Breakdown And Conversion Working the nightshift on the flight line was grueling; exposure to the elements for 8-hour shifts took their toll, especially on cold winter nights. I kept wondering about which city the aircraft I was guarding was designated to target. I was haunted by what the devastation might look like and if I was in any way culpable. On one hand, I was not a fan of anti-democratic hegemonies around the world, but conversely, I really hated how our politicians and their military counterparts allowed so many of our young soldiers to die without any long-term goals or endgame plans in mind.

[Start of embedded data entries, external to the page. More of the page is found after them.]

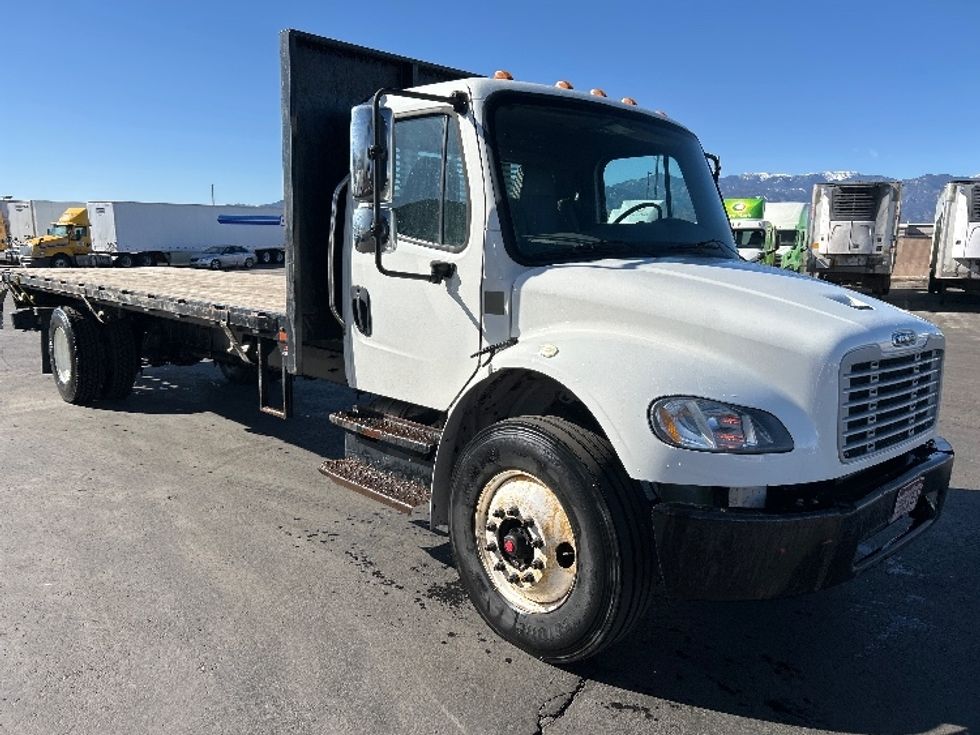 Flatbed Truck-Light and Medium Duty Trucks-Freightliner-2018-M2-Colorado Springs-CO-125,746\n\t\tmiles-$ 56,500 - Image 1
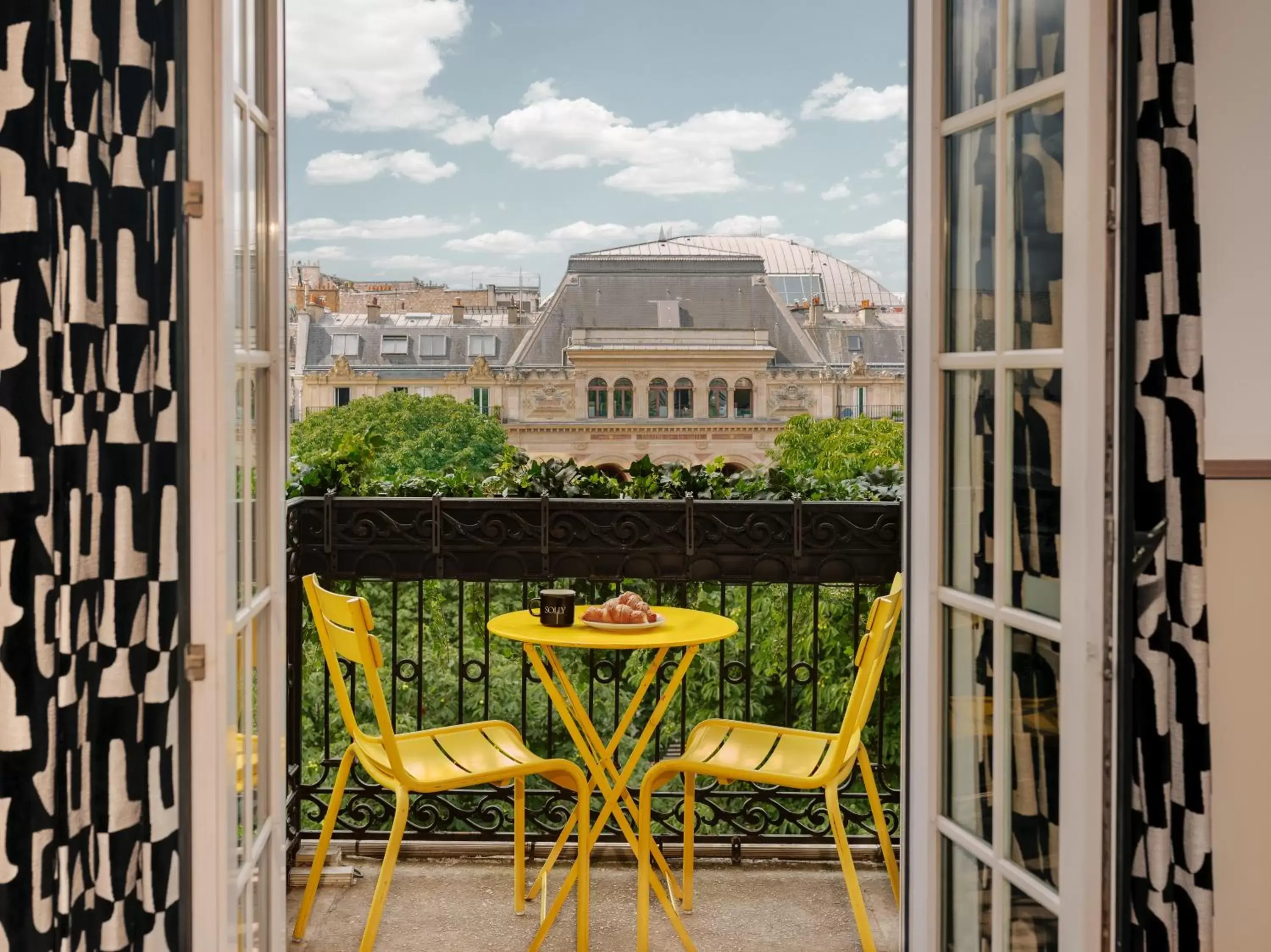 Balcony/Terrace in Solly Hôtel Paris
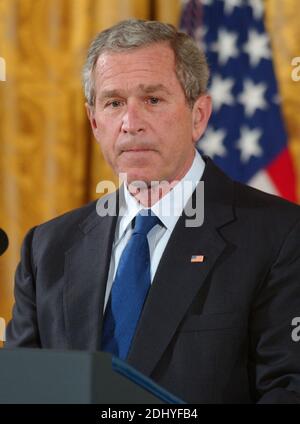 Washington, D.C., - 4 avril 2005 -- Le président des États-Unis George W. Bush fait des remarques avant de présenter le prix le plus élevé de la nation pour le vaillance, la Médaille d'honneur, décernée à titre posthume au sergent de première classe Paul Ray Smith, de l'Armée des États-Unis, dans la salle est de la Maison Blanche, à Washington, D.C., le 4 avril 2005. Le sergent Smith a été tué le 4 avril 2003, alors qu'il protégeait plus d'une centaine de troupes sous son commandement près de l'aéroport de Bagdad. Smith est le premier soldat de l'opération liberté iraquienne à recevoir la Médaille d'honneur. Pour recevoir le prix du Sergent Smith : Jessica Smith, fille Banque D'Images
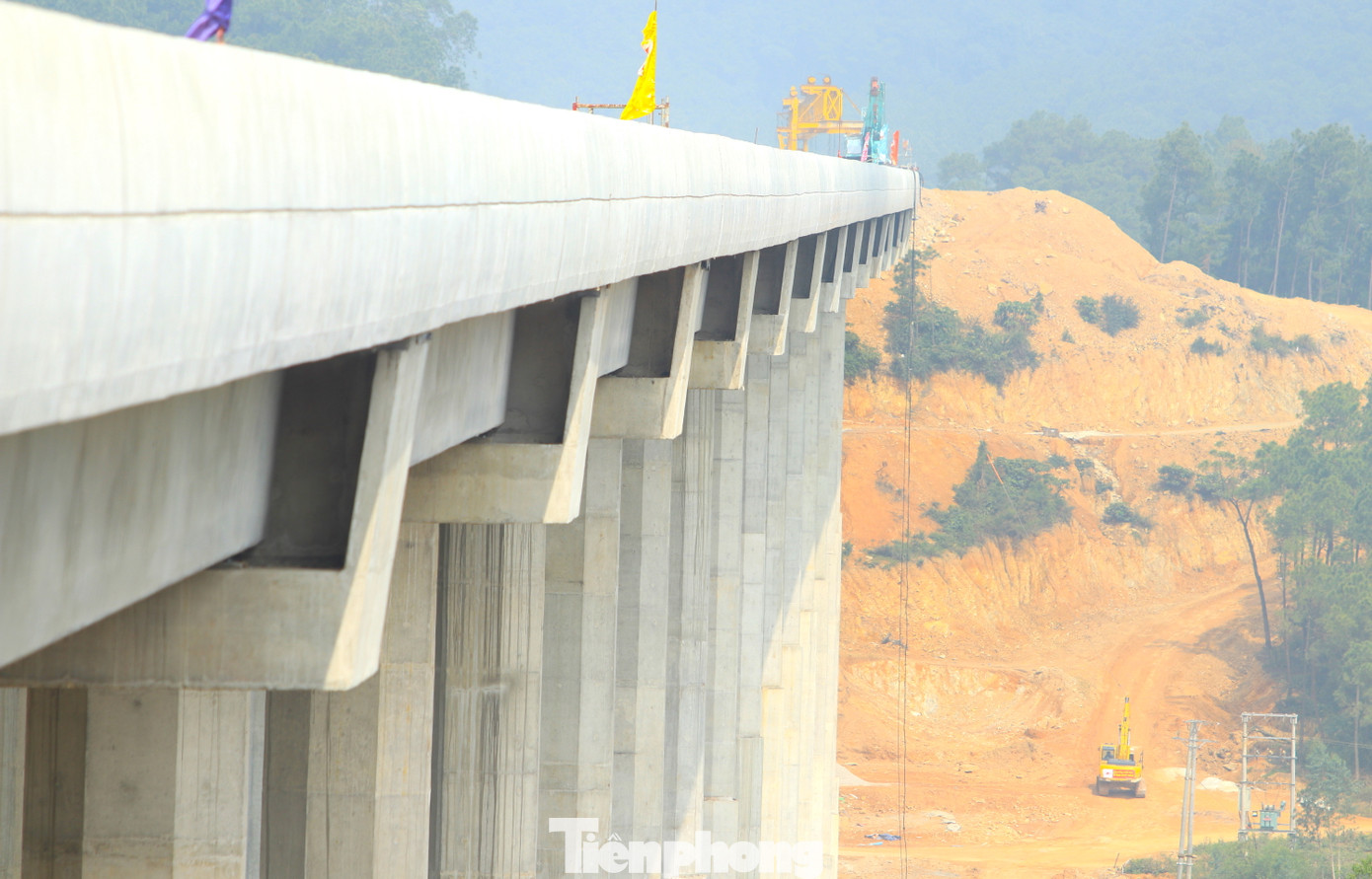 Những cây cầu "khổng lồ" với những dãy cột bê tông cao hàng chục mét đang dần hình thành trên tuyến cao tốc Bắc - Nam, đoạn Diễn Châu - Bãi Vọt.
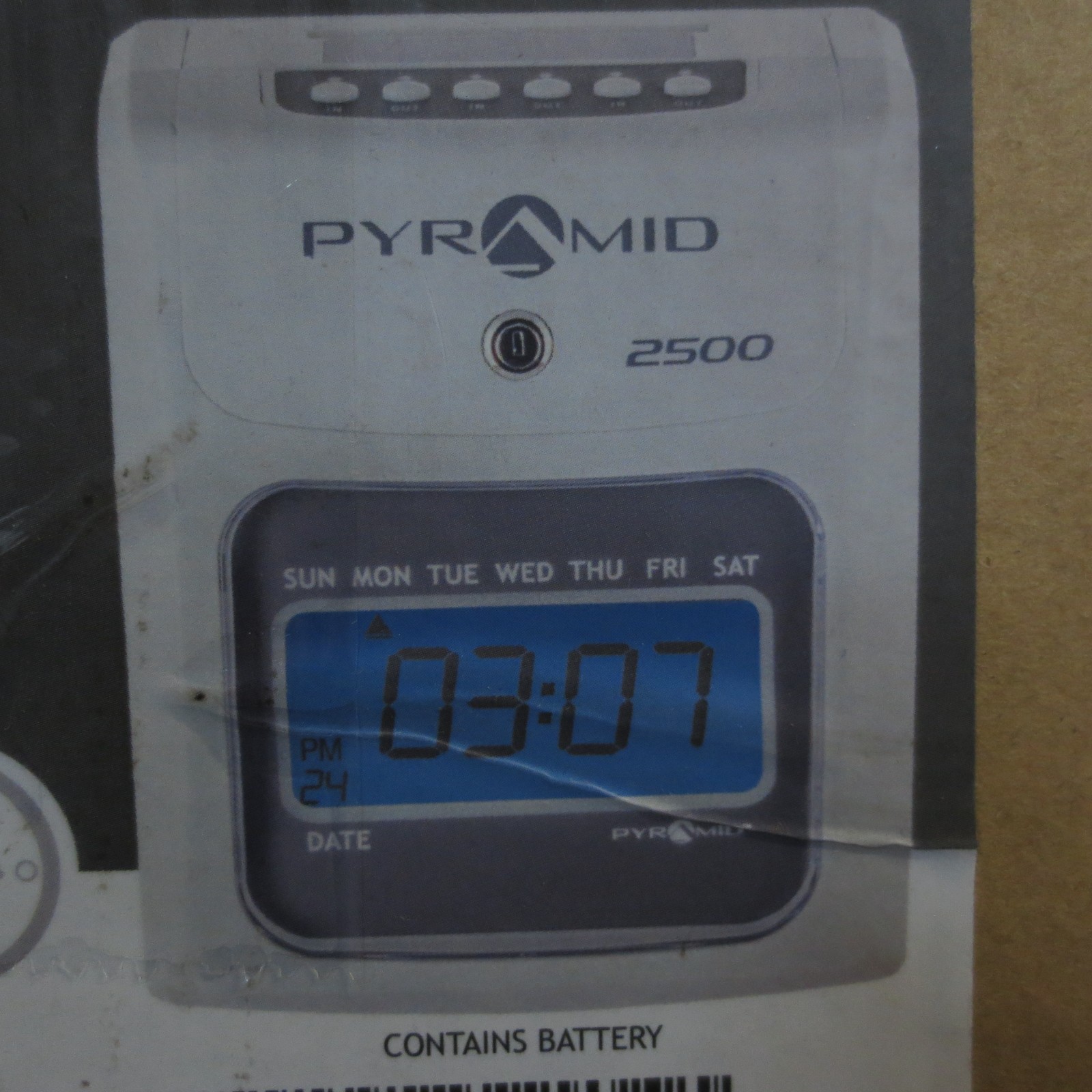 Pyramid Time Systems - Model 2500 Auto Aligning and Top Loading Time Clock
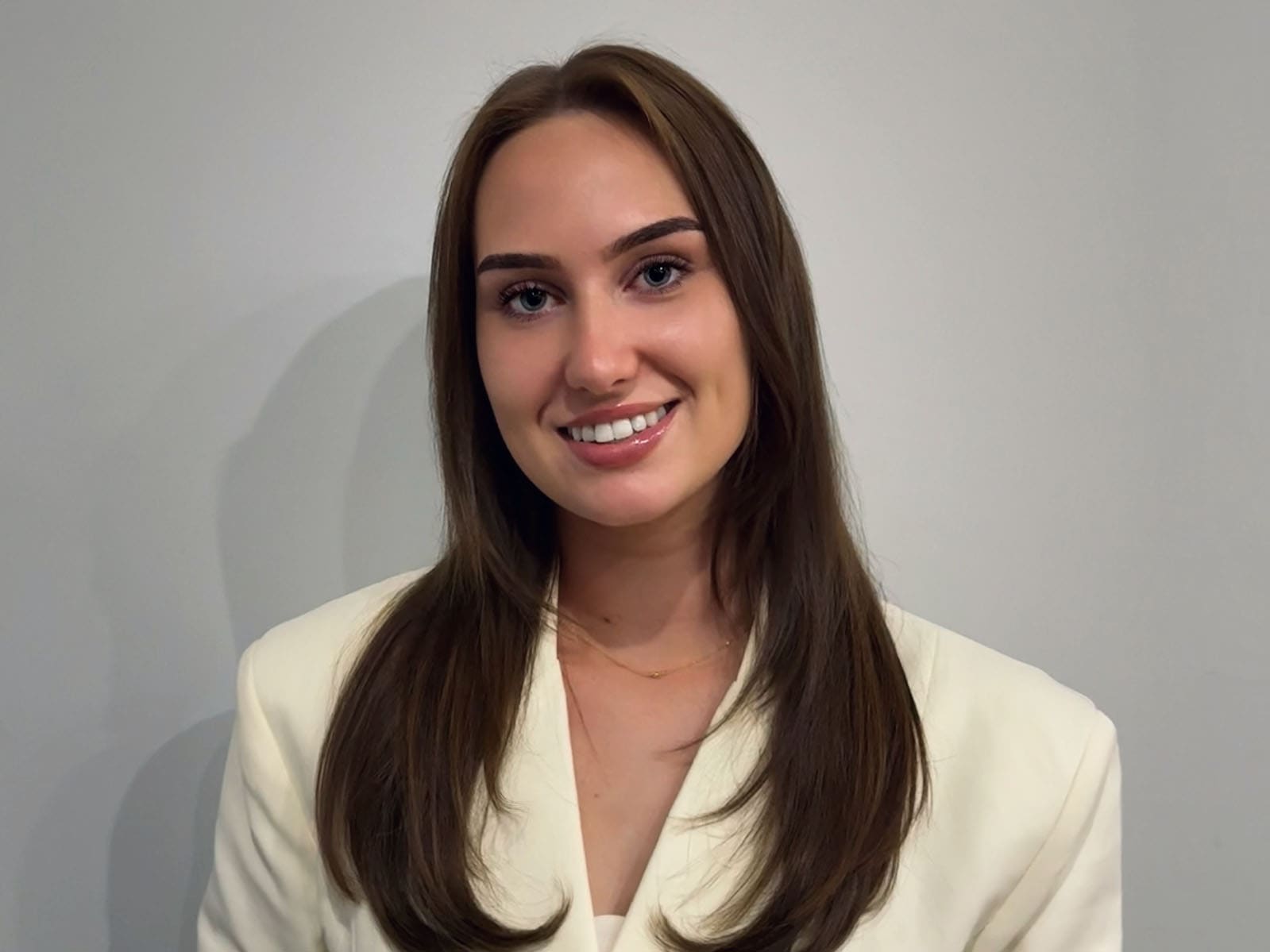 Lisa Kofflard, happiness coach at Inner Smile Company, shares practical insights on employee wellbeing, work pressure and keeping Rotterdam teams engaged.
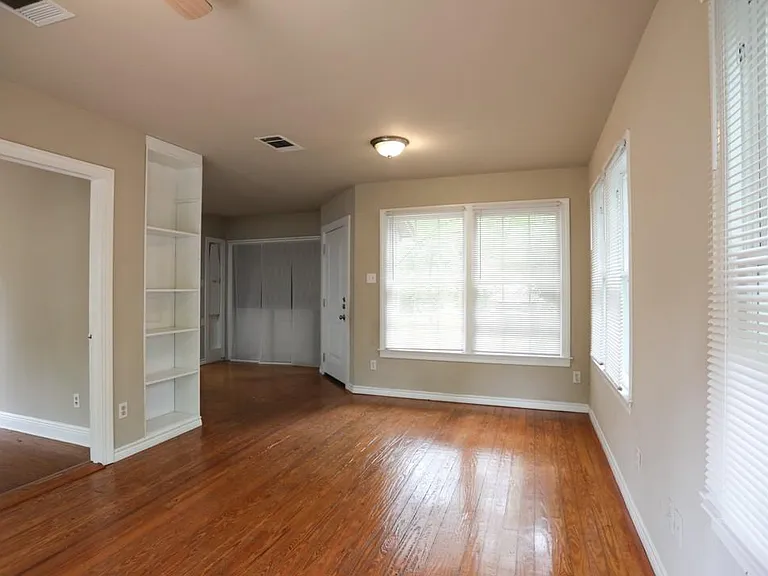 4903 Caswell Ave — Photo 12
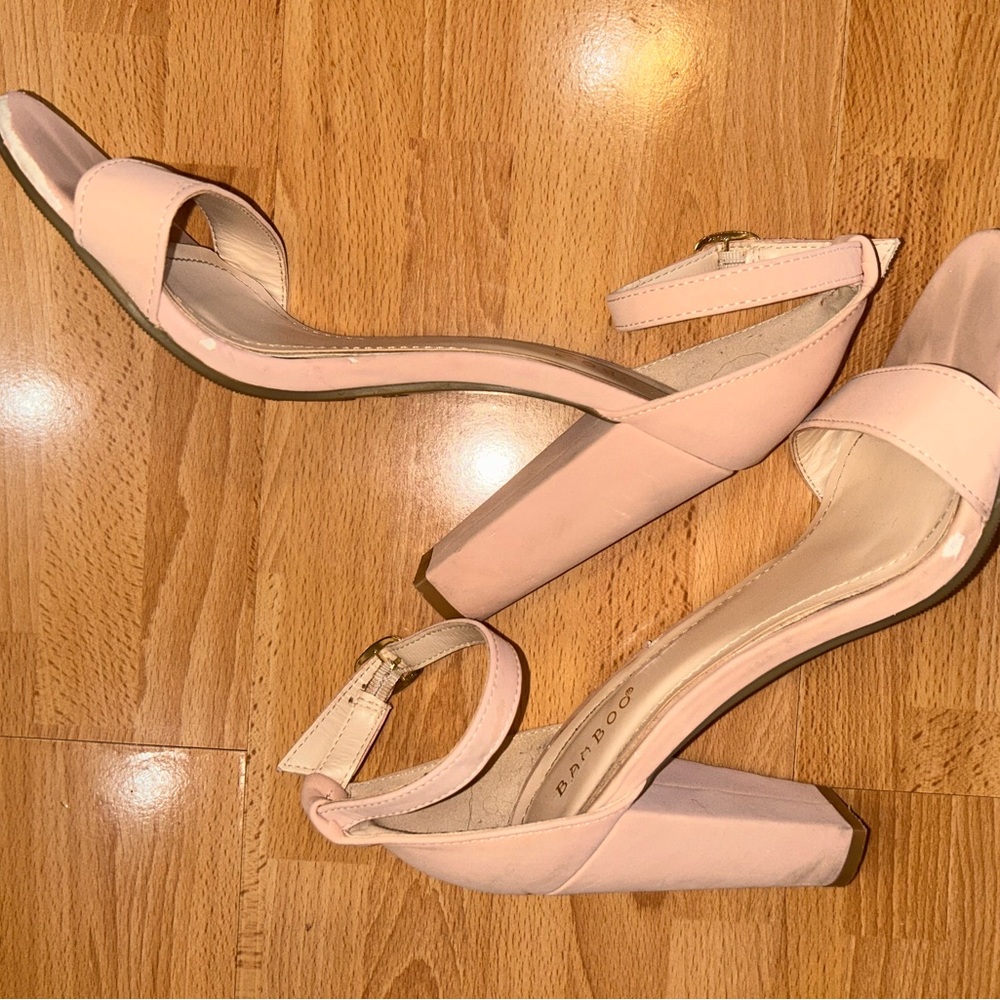 Pink/nude strappy heels size 9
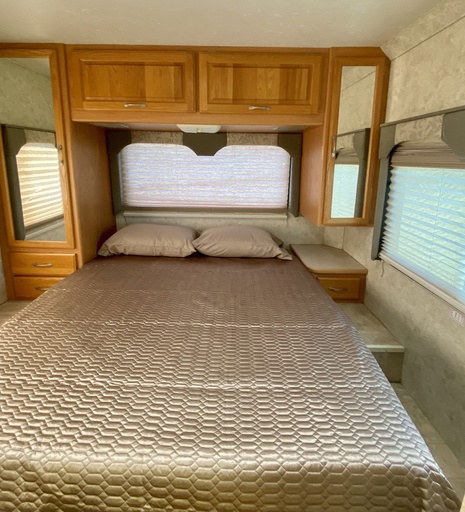 2005 Thor Motor Coach Four Winds Class C Motorhome for rent in Denison, TX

It all seemed so unconscionable. My fear of becoming part of some dark historical event was looming large and my psyche was compelled to push back by way of exhibiting extremely erratic behavior on the flight line in a nuclear weapon zone. The behavior was noticed, a breakdown really, and I was sent to a hospital for psychiatric evaluation. Truly, I could have just gone along with the program, but I sensed it would have been the end of me, as I was. I was diagnosed with manicdepressive tendencies, but not severe enough to be discharged. It was then, that I was cross-trained into photography and my future path was clear. I think I had learned from my archery accident a micro truth: if something feels wrong, don’t give into that impulse to go along to get along.

“Zero Point Ten” 2015 installation photograph with the artist, “El Salvador 1922 Onward (Fuselage & Wing)” (22.25” Dia.), “Austria/Germany 1918 (Fuselage & Wing)” (46” Dia.), “Spain 1918-1931 (Fuselage & Wing)” (22.25” Dia.), from the “Roundel (Military Aircraft Insignias) Series,” automobile metal flake paint on a fiberglass discs, 2013.